If you frequent the American-Canadian border (or perhaps the American-Mexican border), you may want to make sure you're not carrying anything remotely suspicious on your digital devices - your laptop, your cell phone, your camera, your tablet, and so on. Or at the very least, you may want to consider very strong encryption solutions for your personal data. In a ruling by the United States Court of Appeals for the Ninth circuit last week, authorities are now given the power to seize your electronics without any warrants, and the electronics may be passed on to other sites for forensic inspection.
As Computerworld reports, this ruling now gives authorities power to seize electronics for both ground and air traffic entering the United States. The earlier precedent was set almost a year ago, when a judge ruled that authorities at a Detroit airport had valid grounds to search and seize a man's computer on suspicion of him transporting child pornography from an overseas trip to Indonesia. This recent ruling has a very similar case, where another man was charged with possession of child pornography upon returning to the United States via Mexico. In both cases, appeals were filed over the officials seizing equipment based on suspicions of American border agents.
While the move to halt the exploitation of children is welcomed, privacy advocates and companies argue the move serves as a further erosion of an individual's right to refuse unreasonable searches and seizures under the Fourth Amendment to the United States Constitution.

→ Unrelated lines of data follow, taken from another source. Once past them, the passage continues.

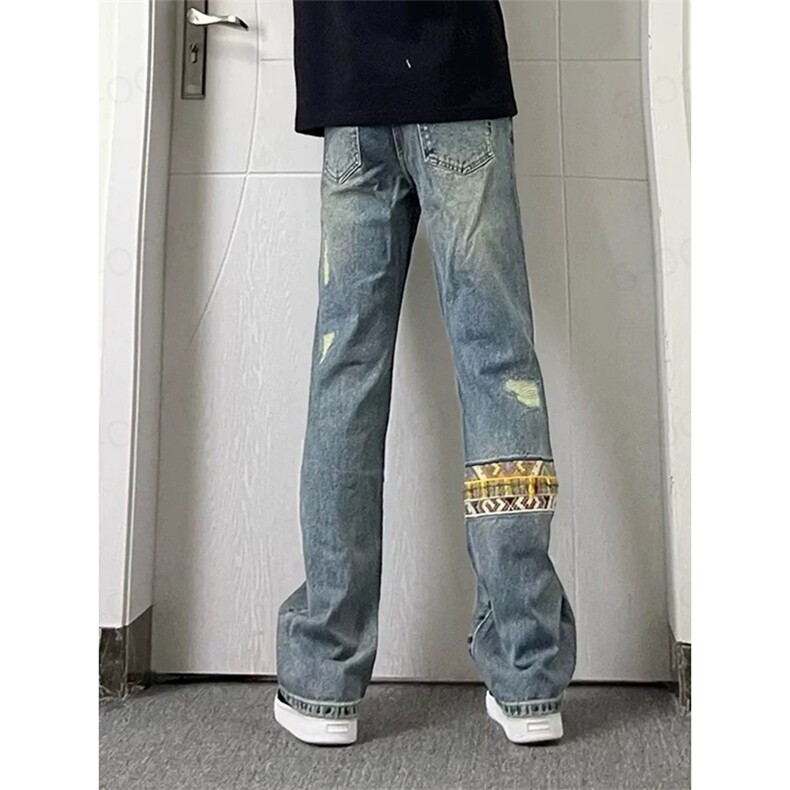 网图有货半松紧磨破民族风腰果花拼接微喇牛仔裤男女A587-P58，男装牛仔裤，星座1505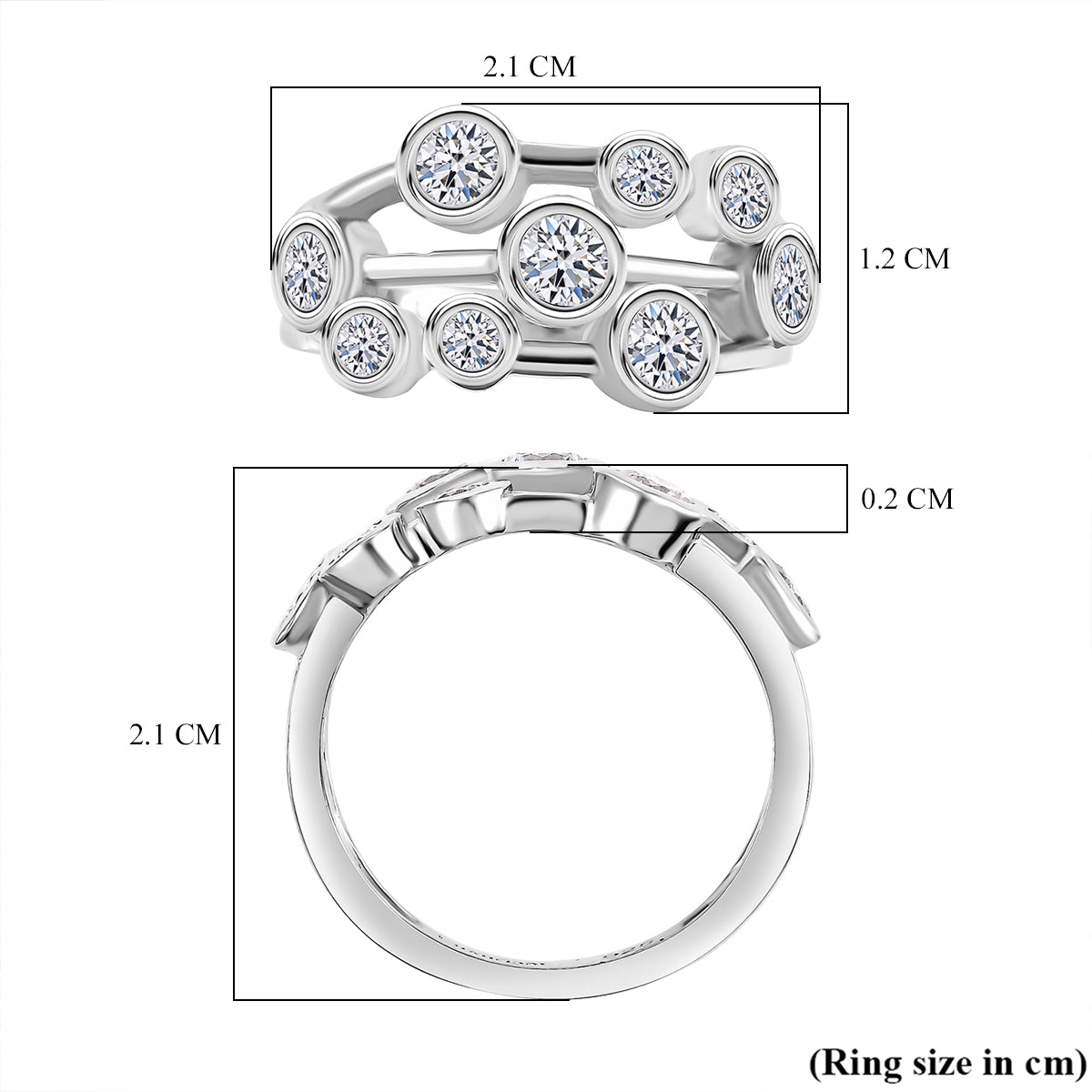 LUXURIANT 1 Ct. Lab Grown Diamond Bubble Ring in Rhodium Overlay Sterling Silver 7975520 6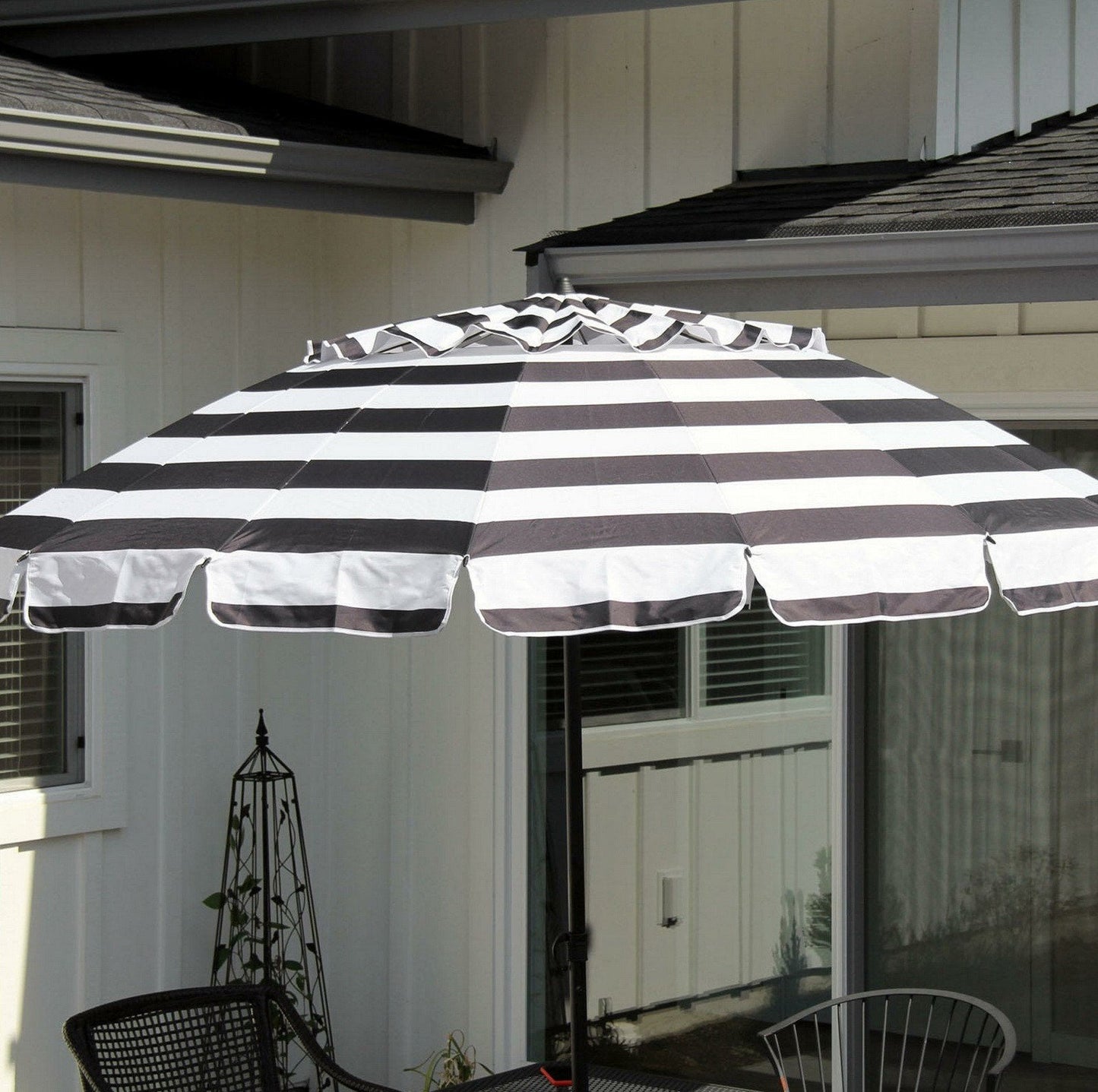 8' Beach Patio Market Tilt Umbrella w/ Auger Tip Carry Bag Blue or Black Stripes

In particular, it opens up the risk of the federal government obtaining confidential company information. According to the American Civil Liberties Union, officials have confiscated approximately 220 devices over a eight-month period starting from October 2008.
With recent moves such as this, and the American government considering imposing entry fees on vehicle traffic crossing the American-Canadian border, officials should be careful not to upset the delicate balance between maintaining security and protecting innocent lives, and ensuring not much revenue is lost from frequent commuters crossing the border.